Continuing my theme this week of reading about the atonement, this morning I chose to read 2 Nephi 9.  This chapter is part of Jacob’s address to the Nephites that Nephi chose to copy into his record.  2 Nephi 9 is an especially beautiful account of the plan of salvation, the greatness of God, the Atonement, and our own need for repentance.

One thing that especially struck me as I read this chapter was how often Jacob specifically points out the greatness of God that he would provide the Atonement for us.  He usually says something like:

O the greatness of the mercy of our God, the Holy One of Israel: For he delivereth his saints from that awful monster the devilo, and death, and hell, and that lake of fire and brimstone, which is endless torment.

2 Nephi 9:20

After I read the chapter the first time I skimmed through and counted 15 times Jacob specifically talks about the greatness of God.

One thing the scriptures make clear is that without the Atonement we would all be damned, in the real sense of the word.  We would be miserable and lost for the rest of eternity.  Through the Atonement, we are able to be resurrected and we are able to repent and be saved from our sins.  When we really understand this, surely we must be greatful to the Savior for the incredible service he has done for us, underserving as we are.

Today is going to be a very busy day.  In the morning I need to do a ton of packing and cleaning, and then in the afternoon we will be driving for six hours to visit family for the weekend.  Usually days like this are pretty stressful for me.  So, today, when I start to get stressed out I’m going to try and stop and think about bigger things, about how blessed I am by the Savior’s gift of the Atonement, and see if it doesn’t help me be just a little bit less stressed out.

Do you know of any other scriptures or stories that help us see how greatful we should be for the Savior and the Atonement?  Have you been able to use this knowledge to help you deal with any real life problems?

Remembering What God Has Done For Us

Reading: “O Remember, Remember“, President Henry B. Eyring, Liahona, Nov 2007

So, continuing today on the theme of focusing on Christ I chose to read Elder’ Eyring’s article about remembering what God has done for us.
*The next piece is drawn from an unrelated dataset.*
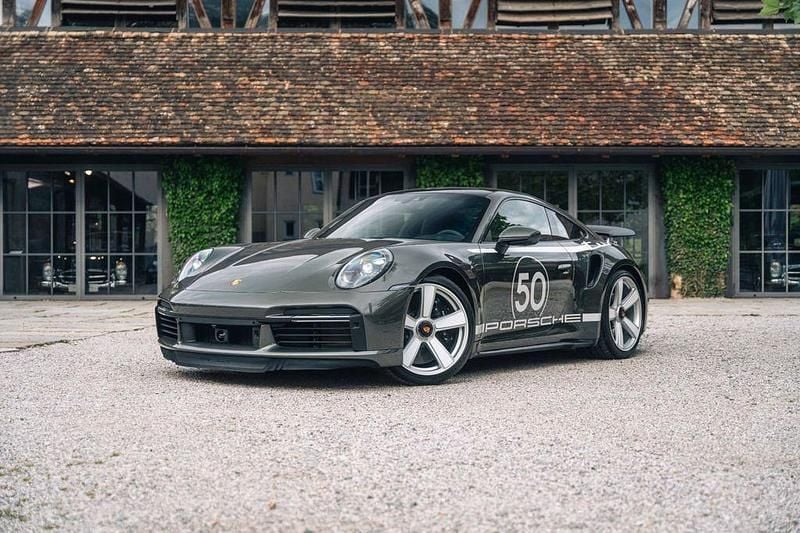 Neu Porsche 992 650 PS (478 kW) 2026 Grün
In the article Elder Eyring shares how as a parent he kept a journal recording the things that God had done for his family each day. Then he gave copies of that journal to his children when they were grown. That journal is an inspiration to his whole family today.
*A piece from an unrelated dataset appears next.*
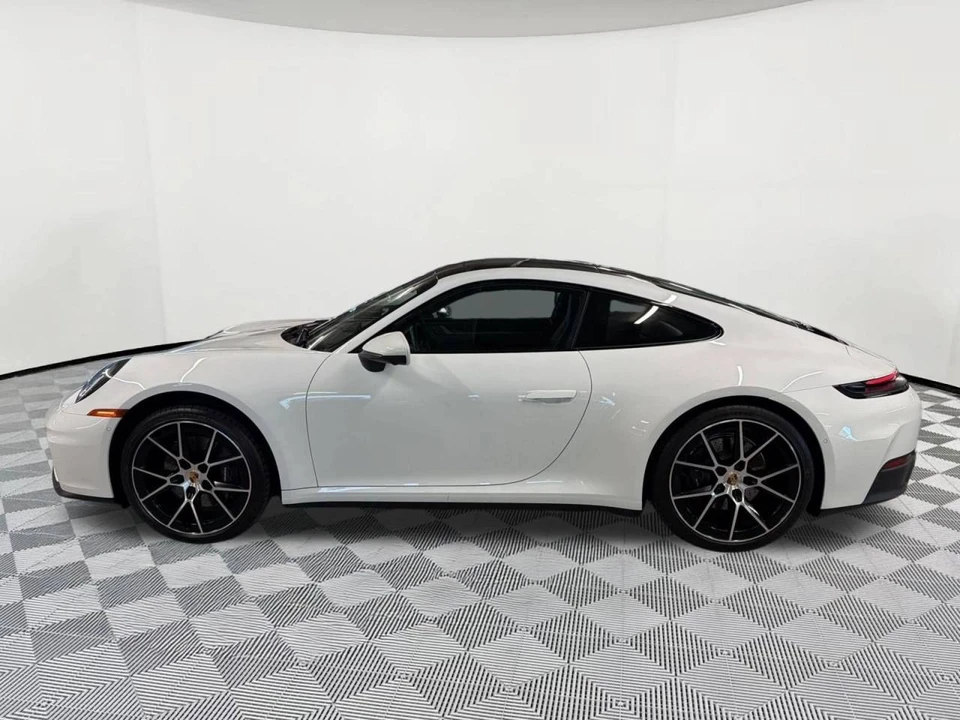 2025 Porsche 992 Carrera - Image 2 of 5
He then talks about how easy it is for us to forget how blessed we are by God. We forget when we are prosperous because everything seems so common place. We forget when we are suffering because we are so consumed by how bad things are we forget to see what is good. Throughout all of the history of the Earth mankind has struggled to remember God’s goodness.

The key to remembering the Savior in our daily lives, he says, is in having the Holy Ghost to be with us. The Holy Ghost will help us to remember times throughout our lives that God helped us. We must then strive to be worthy of the Holy Ghost’s presence.

Elder Eyring then challenges us to pray for help in seeing God’s hand in our daily lives and then “preserve that memory” for us and for future generations.

I know that this is definitely a good thing to do. Just yesterday, as I was writing in my journal about my scripture study, I realized that focusing on Christ means focusing on his teachings. For some reason I got the idea that focusing on Christ meant thinking about his person, his appearance, his personality, and his opinions. After all, if I were going to “focus” on someone I know, that is what I would focus on.

However, we don’t really know those things about Christ. What we do know is what he taught, and that is what is most important. When we learn Christ’s teachings, then we learn about who he is and we learn to love him. When we focus on Christ, it means we seek to learn and exemplify all that he taught. What a great insight, and I would not have gained it had I not taken the time to write down my scripture study experience.

What has God done for you lately that you maybe haven’t noticed up until now? And/or, do you have any good ideas on ways to preserve that experience for future remembering?